The Concept of ‘Special Contribution’ in Divorce…

The latest ‘celebrity’ divorce to hit the newspapers is that of footballer Ryan Giggs and his wife, Stacey.  The millions of pounds amassed during parties’ relationship on account of Giggs’ successful footballing career place this divorce into the very high net worth category.

At 10 years’ duration (plus pre-marital cohabitation) with two young children resulting from it, the Giggs’ marriage is not a short one.  As such it is not going to be open to Ryan – in pursuit of an unequal division of the wealth in his favour – to argue that the length of the marriage is a factor which should prevent the ‘sharing principle’ ordinarily being applied (see our article ‘The treatment of short marriages: how long is a piece of string..?’).  At the first stage of the financial remedy proceedings earlier this year, lawyers representing Ryan instead indicated he seeks to establish that he has made a ‘special contribution’ to the marriage such that there should be a departure from equality in his favour.

The working definition of when ‘special contribution’ arises was set out by Lord Justice Wilson (as he then was) in the 2011 case of K v L:

‘in circumstances in which a spouse’s contribution, direct or indirect, to the creation of matrimonial property has been so extraordinary as to dictate a departure within the sharing principle from the ordinary consequence of its equal division’.
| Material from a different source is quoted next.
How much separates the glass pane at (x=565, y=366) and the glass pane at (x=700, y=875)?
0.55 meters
Whilst the lay perception of special contribution has led many a divorcing person to test the waters of legal advice as to whether their efforts might meet the necessary threshold (overwhelmingly: no), unsurprisingly there are very few reported cases in which the issue has arisen over the years since the ‘sharing principle’ was established by the House of Lords in the 2001 case of White.  Moreover, until recently there had not been a reported case in which the Courts had been tasked with considering whether there had actually been a special contribution in the first place; concessions had already been made by the other parties in each case, which essentially left the Courts to grapple ‘only’ with deciding how great the departure from equality should be.  In the 2002 case of Lambert and the 2005 case of Sorrell, the wives were awarded 40%; in the long-running case of Charman, the Court of Appeal upheld the earlier award to the wife of 36.5% noting that there was unlikely ever to be a departure greater than 33.3%.
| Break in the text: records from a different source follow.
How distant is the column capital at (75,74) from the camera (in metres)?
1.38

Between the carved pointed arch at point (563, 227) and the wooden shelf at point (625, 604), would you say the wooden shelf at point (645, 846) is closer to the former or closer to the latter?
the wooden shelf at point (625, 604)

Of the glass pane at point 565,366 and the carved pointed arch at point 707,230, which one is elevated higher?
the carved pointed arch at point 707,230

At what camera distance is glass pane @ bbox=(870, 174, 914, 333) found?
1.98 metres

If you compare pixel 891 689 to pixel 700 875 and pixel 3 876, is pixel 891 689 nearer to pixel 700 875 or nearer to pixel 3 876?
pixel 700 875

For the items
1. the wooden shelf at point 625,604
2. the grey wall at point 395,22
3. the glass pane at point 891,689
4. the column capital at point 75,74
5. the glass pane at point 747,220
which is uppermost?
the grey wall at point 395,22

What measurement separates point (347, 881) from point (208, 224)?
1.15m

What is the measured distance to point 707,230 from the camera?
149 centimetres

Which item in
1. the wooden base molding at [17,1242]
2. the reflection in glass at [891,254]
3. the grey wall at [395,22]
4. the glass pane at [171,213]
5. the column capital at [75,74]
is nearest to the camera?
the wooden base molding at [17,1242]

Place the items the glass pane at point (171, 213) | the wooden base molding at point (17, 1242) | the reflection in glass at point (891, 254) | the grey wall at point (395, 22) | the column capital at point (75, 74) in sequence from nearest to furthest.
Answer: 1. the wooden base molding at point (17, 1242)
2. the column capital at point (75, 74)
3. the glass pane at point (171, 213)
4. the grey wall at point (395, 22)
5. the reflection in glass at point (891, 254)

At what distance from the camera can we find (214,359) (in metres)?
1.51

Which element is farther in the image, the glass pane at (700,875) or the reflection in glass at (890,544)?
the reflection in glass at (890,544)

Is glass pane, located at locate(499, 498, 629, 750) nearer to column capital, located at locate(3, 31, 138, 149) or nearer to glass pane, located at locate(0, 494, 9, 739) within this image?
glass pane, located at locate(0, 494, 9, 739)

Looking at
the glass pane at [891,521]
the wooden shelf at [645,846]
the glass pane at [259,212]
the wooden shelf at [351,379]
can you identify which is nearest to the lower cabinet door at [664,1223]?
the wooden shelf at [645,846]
The case of Mr and Mrs Cooper-Hohn came before Mrs Justice Roberts in 2014.

The sheer scale of the wealth amassed – billions of pounds, rather than the several hundred millions of pounds under consideration in the earlier cases – was extraordinary.  Both parties had humble beginnings and the Court accepted that the overwhelming majority of the wealth had been generated by Mr Cooper-Hohn’s efforts during the marriage, predominantly as a hedge fund manager.  Ultimately Mrs Cooper-Hohn was awarded 36.12% of the overall ‘pot’.  Partly this was with reference to the extent of wealth generated by Mr Cooper-Hohn after the parties had separated (‘post-separation accrual’) but more significantly for this article, also was on account of Mr Cooper-Hohn being found to have made the elusive ‘special contribution’.  Mrs Justice Roberts was at pains to note that Mrs Cooper-Hohn, who not only was the homemaker and primary carer of the couple’s four children but also was the leading light in the charitable trusts established by the couple, could not conceivably have made a greater domestic contribution.   Nonetheless, largely by reference to the sheer scale of wealth accumulated, Mr Cooper-Hohn was found to have made the special contribution.  As the Judge observed, ‘I take the view that he qualifies as a financial genius in his particular field of financial investment.  If he does not, who could?’ 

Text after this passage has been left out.